Restate the listing below word for word; no picture is to be carried over.

*** Opening of PROVIDED DATA ***

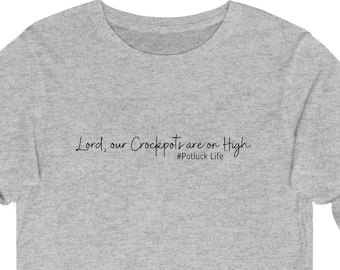 Church Potluck Unisex Jersey Long Sleeve Tee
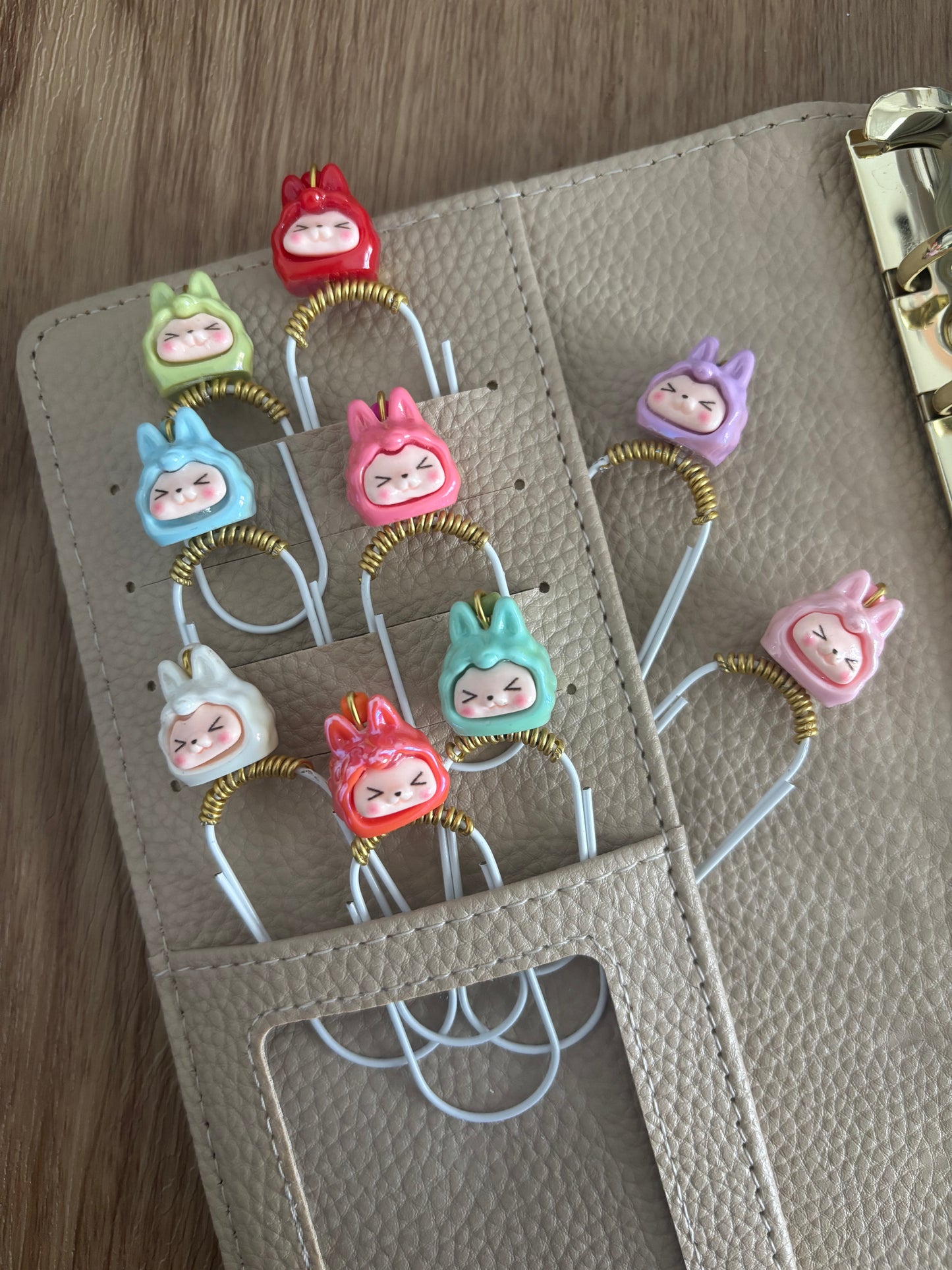 La Bu Budget Binder Charm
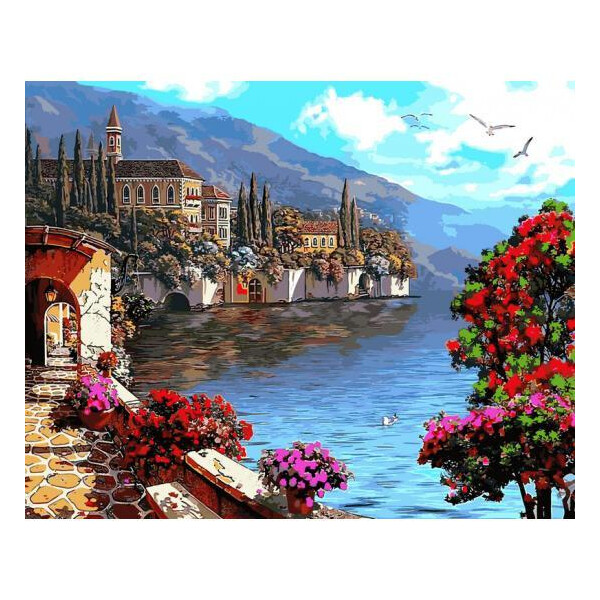 

Картина по номерам Летний уголок, 50x65 см., Babylon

*** Close of PROVIDED DATA ***

RESPONSE:
 Church Potluck Unisex Jersey Long Sleeve Tee
 La Bu Budget Binder Charm

Картина по номерам Летний уголок, 50x65 см., Babylon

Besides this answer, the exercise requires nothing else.